LONDON—U.K. interest rates could be cut as soon as this month to shore up an economy that's barely growing even as some Brexit uncertainty has dissipated, the Bank of England's outgoing chief hinted Thursday.
Mark Carney said in a speech that there is a “debate" within the bank's rate-setting Monetary Policy Committee "over the relative merits of near term stimulus to reinforce the expected recovery in U.K. growth and inflation.”
The bank is predicting an economic pick-up as some of the risks associated with Brexit have disappeared in the wake of last month's election victory by Boris Johnson's Conservatives.

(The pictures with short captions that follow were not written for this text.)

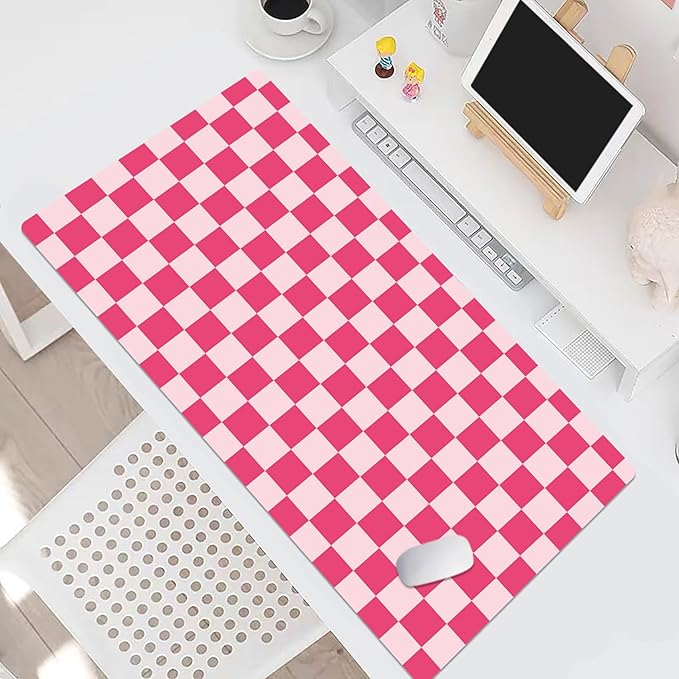 EOBTAIN Pink Checkered Mouse Pad Large,Retro Cute Desk Mat for Keyboard and Mouse,Girly Computer Mousepad XXL Extended Smooth Non-Slip Rubber Desk Protector Accessories for Office 31.5x15.7 Inch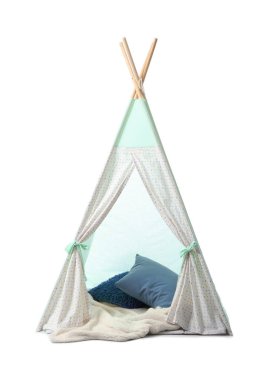 Beyaz arka plan üzerinde çocuklar için rahat oyun çadırı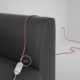 Alargador eléctrico con cable textil RZ09 Efecto Seda ZigZag Blanco Rojo 2P 10A Made in Italy.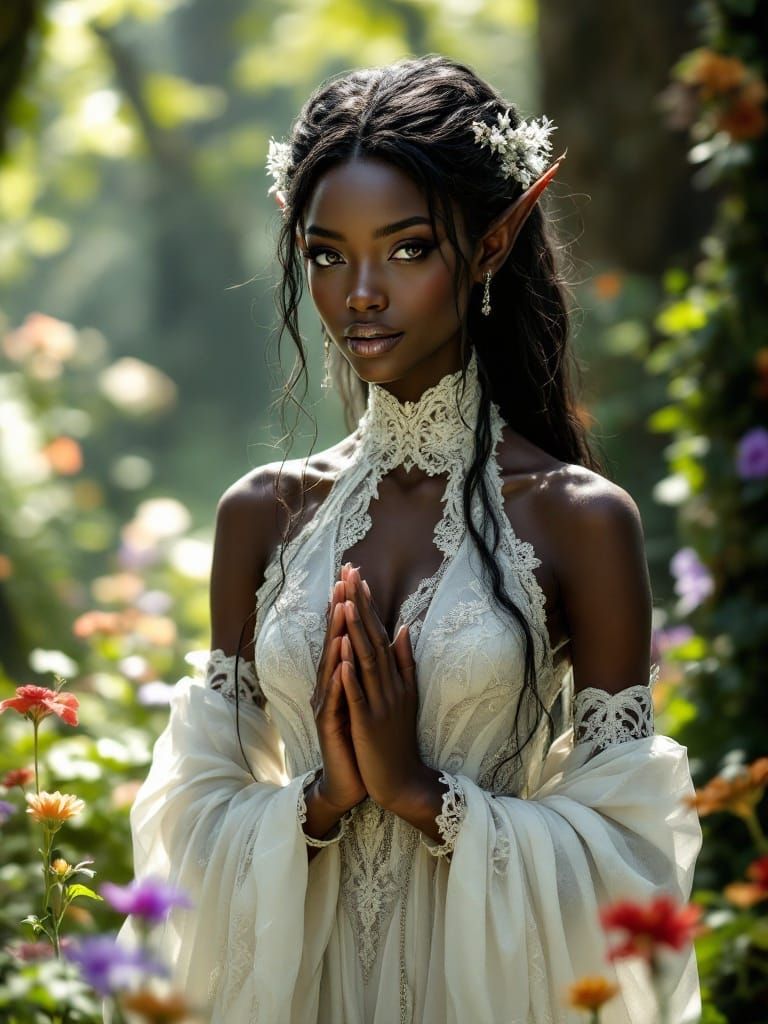 Elven Goddess in Whimsical White Gown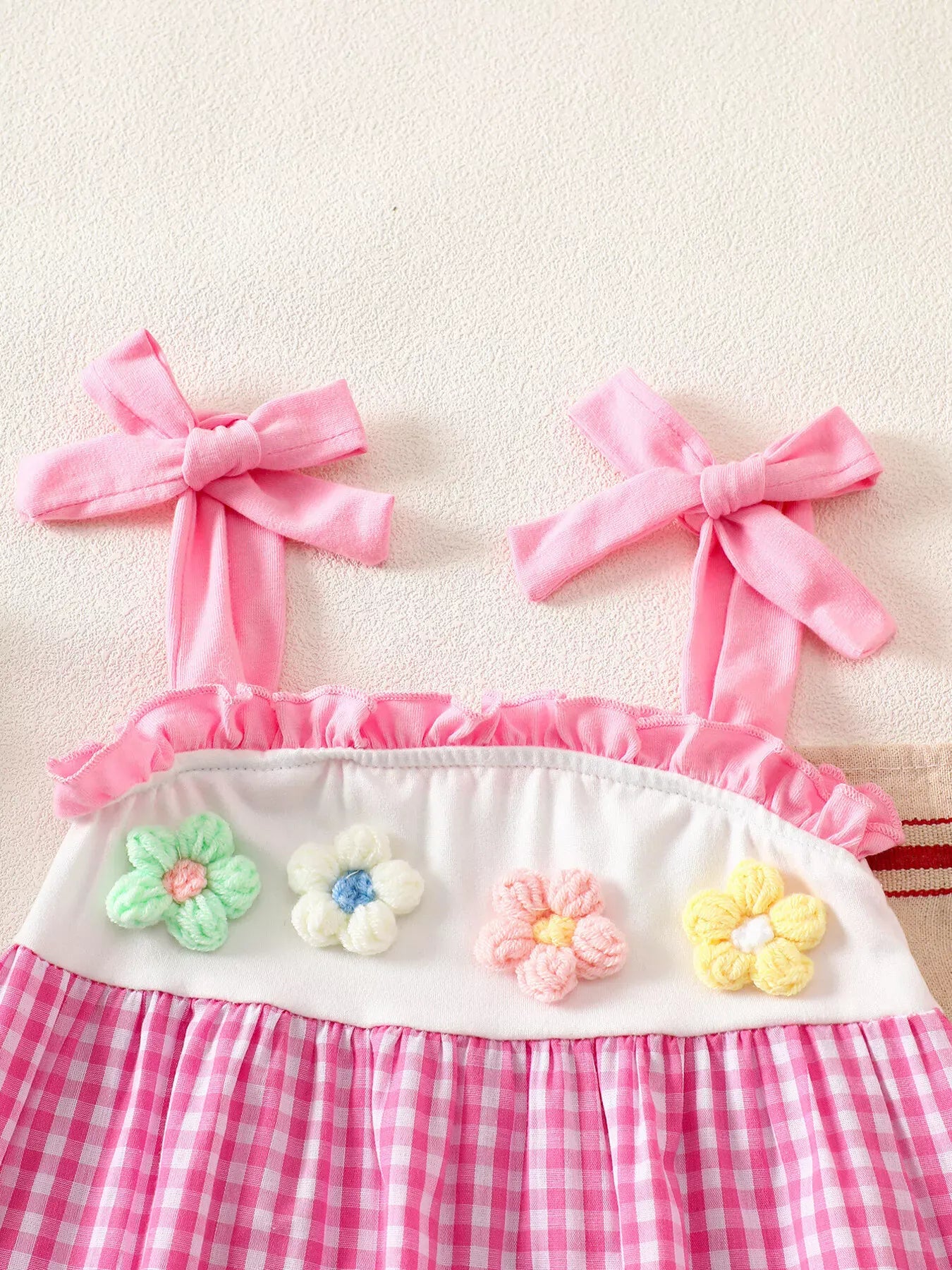 Trendsi Children's Floral Applique Gingham Cami Top & Shorts Set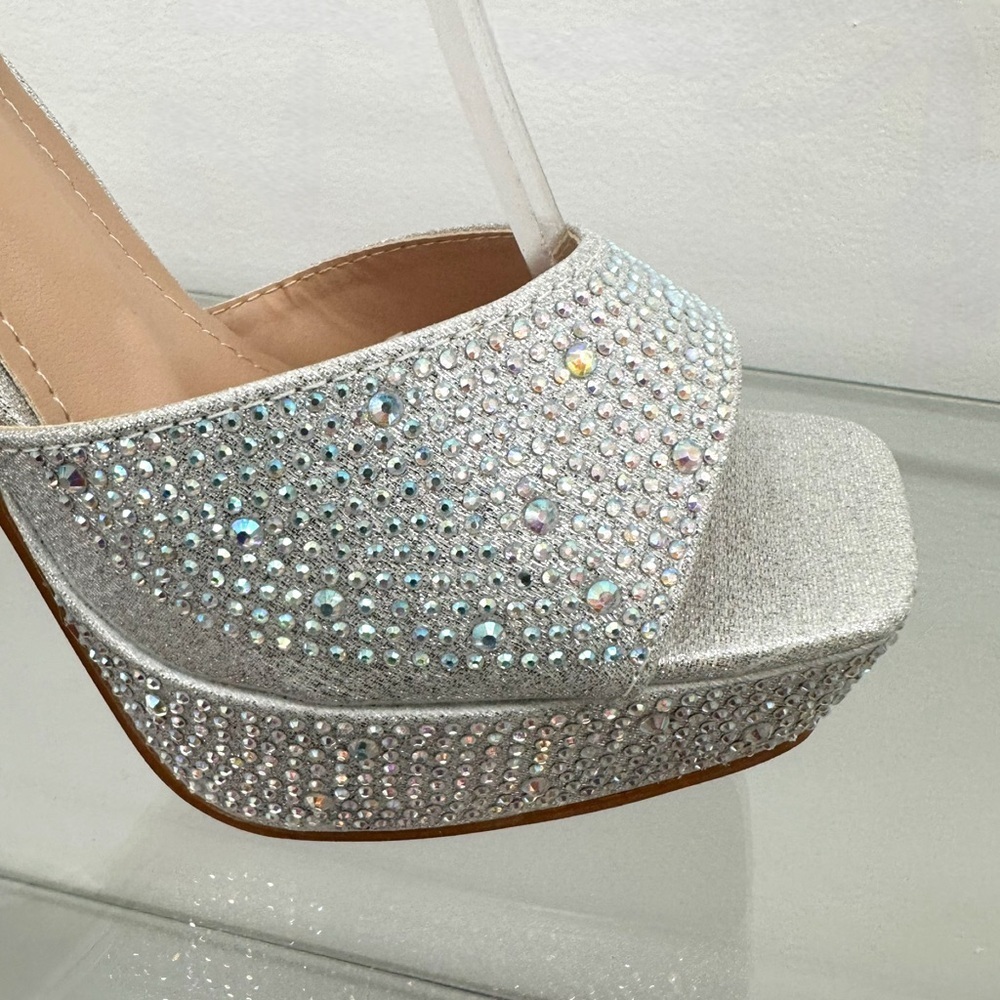 Silver Rhinestones Open Toe Platform Heels - Picture 4 of 4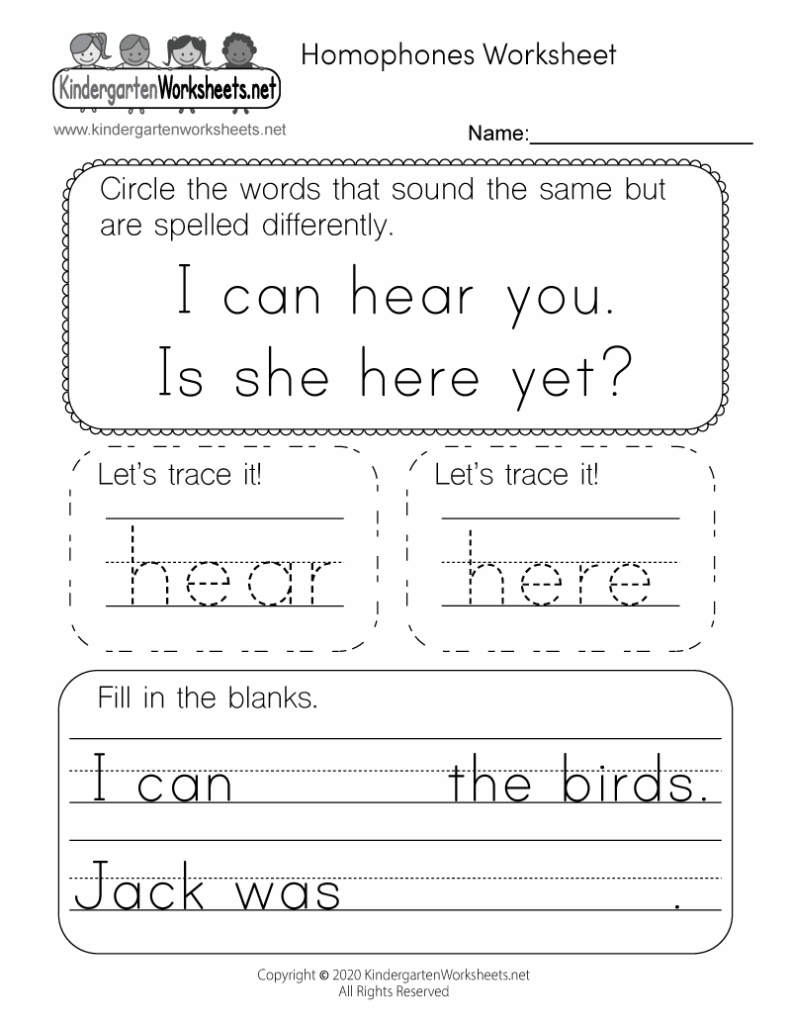 Free Printable Spelling Lesson Worksheet For Kindergarten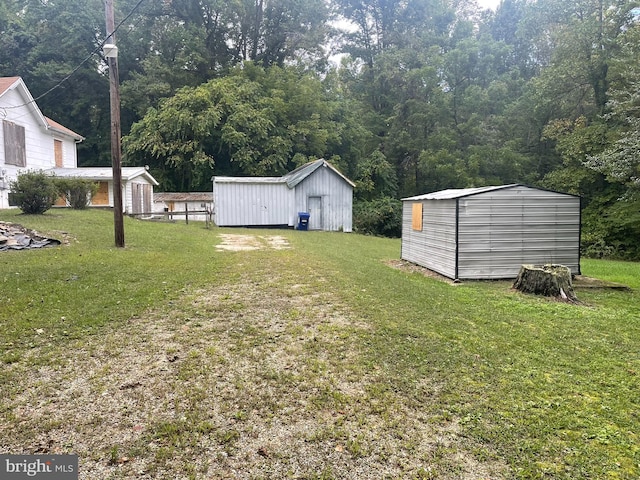 view of yard with a storage unit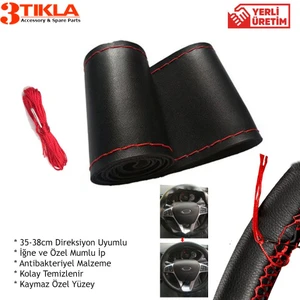 3 Tıkla Premium Siyah Direksiyon Kılıfı Kırmızı Dikişli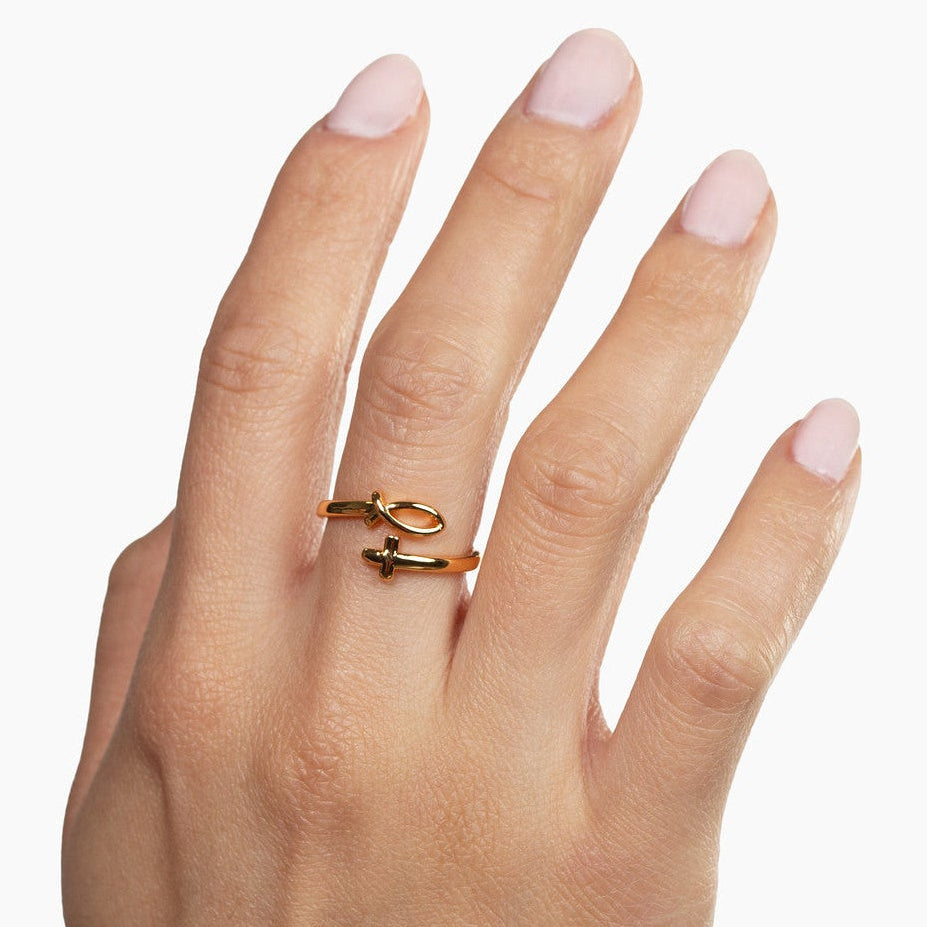 Fish and Cross with 18K Gold Plated Stainless Steel Ring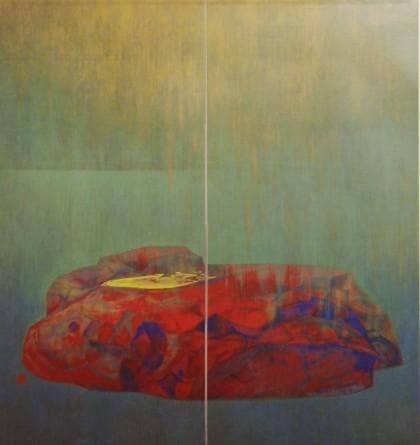 岩橋 英遠、庭石、大判、額装用・画版、日本製・新品額 額装付、状態良好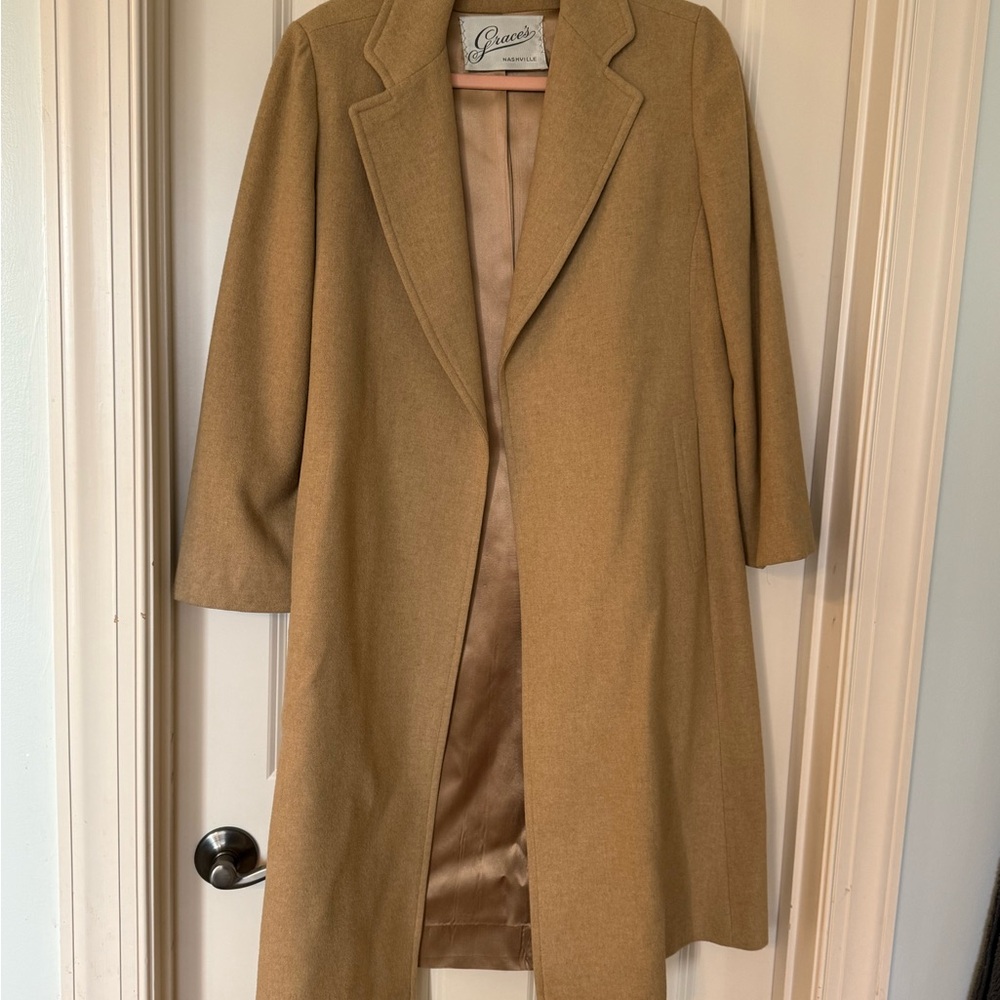 Vintage Brown Tan Camel Hair Trench Coat for Women- Fleurette of California - Picture 5 of 17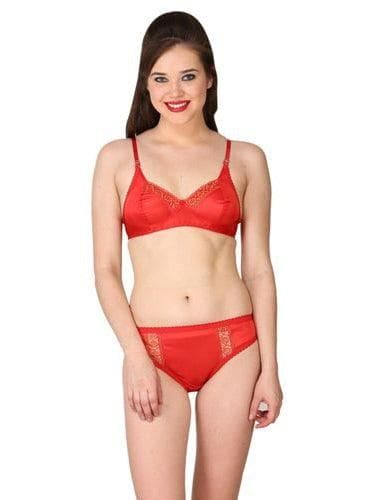 Solid Red Pure Cotton Bra Panty Set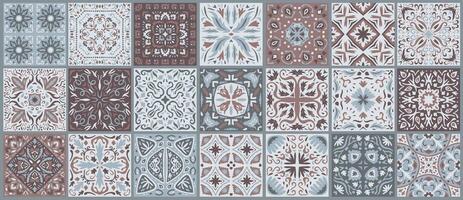 Set of patterned azulejo floor tiles. Collection of ceramic tiles vector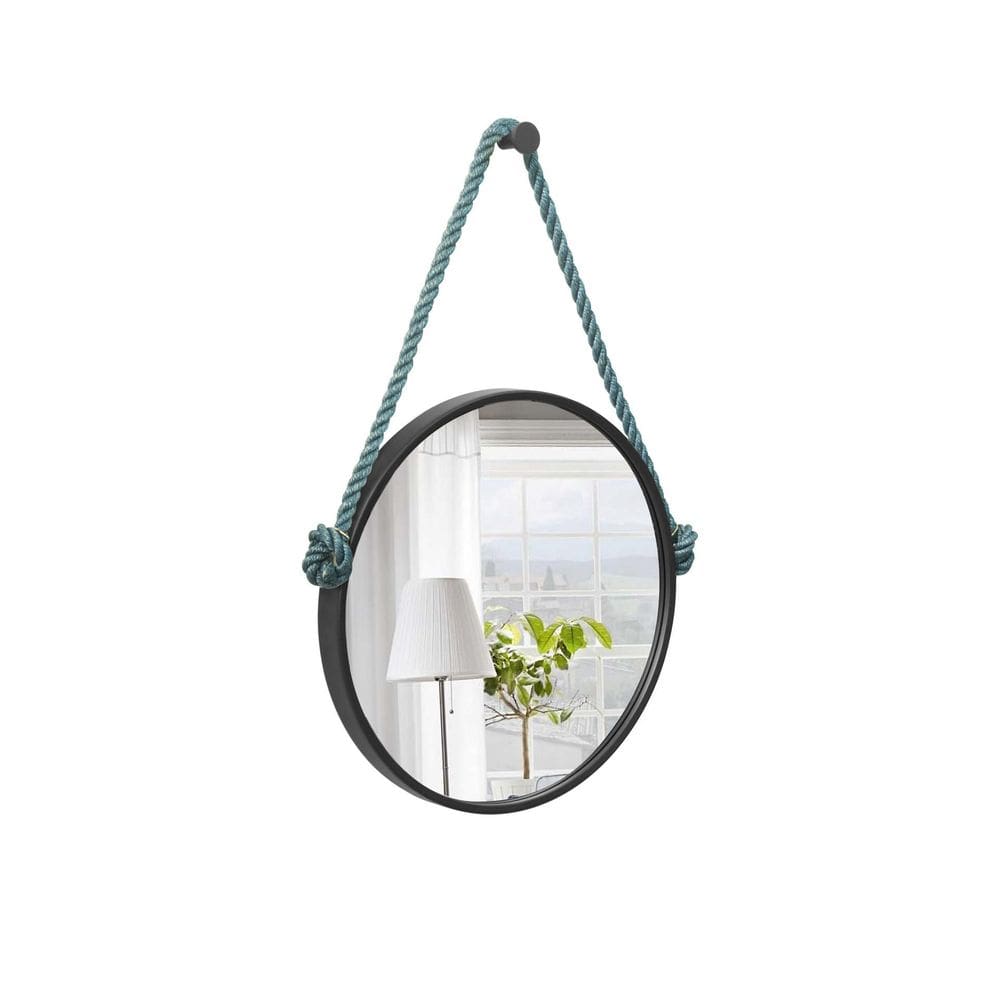 Espelho Decorativo Adnet Preto Alça Sisal Blue 40 Cm
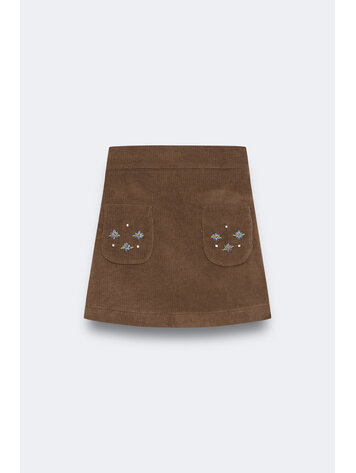 Birinit Corduroy Mini Skirt - Khaki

His big win has eliminated any near-term fears that Britain would leave the EU without a withdrawal agreement to smooth its exit from the bloc.
“Much hinges on the speed with which domestic confidence returns,” Carney said.
And if evidence of a pick-up in growth doesn't materialize soon, he said action could be taken swiftly. He even said it's possible that the bank could restart its monetary stimulus program, which pumps money into the economy.
“There are downside risks from global growth and the possibility that uncertainties over future trading relationships could remain entrenched,” said Carney, who will be replaced in March by a former bank deputy governor, Andrew Bailey.
“If evidence builds that the weakness in activity could persist, risk management considerations would favour a relatively prompt response,” he added.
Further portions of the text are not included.